FAMILY TIES: Carol Burnett and her daughter, actress Carrie Hamilton, will collaborate on a book describing Carrie’s battle with and eventual triumph over drug addiction. “ ‘Under One Roof,’ ” Burnett said of the book to be published by Random House in 1989, “will be about the communication a mother and daughter go through. My dream is that this will be a book about hope, and it will definitely be a book about love.”

BRIDE OF ‘IDOLS’: Fresh from the second printing (by Oxford University Press) of his “Idols of Perversity,” UC San Diego professor Bram Dijkstra is “fantasizing about the 20th-Century versions of ‘feminine evil’ ” as he pens “Vamps, Virgins and Material Girls” for Knopf.
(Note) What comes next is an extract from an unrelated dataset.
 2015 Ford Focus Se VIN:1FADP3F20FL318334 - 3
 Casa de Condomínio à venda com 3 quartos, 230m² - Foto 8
COVER STORY: Billed as “modern museumpieces of literature,” a new series of reissues of “classic” Grove Press titles will be graced with jacket art by such leading 20th-Century artists as Wassily Kandinsky, Jackson Pollock and Carl Apfelschnitt. Explained Grove Press’ Ira Silverberg, “Thus we have contemporary classics to work with our contemporary classics.” Grove launched the aesthetically approved cover art with about 12 titles in its last catalogue, and will follow with an additional dozen in the fall.

THE COSBY CONNECTION: Banking heavily on the success of “Fatherhood,” the Bill Cosby book released one year ago, with 2.6 million copies currently in print, Doubleday will issue a record 1.75 million first-run copies of Cosby’s next book, “Time Flies.” The $14.95 hardcover is due out in September, a month after Doubleday publishes 150,000 first-run copies of columnist William Safire’s 1,100-page fictional tome, “Freedom.”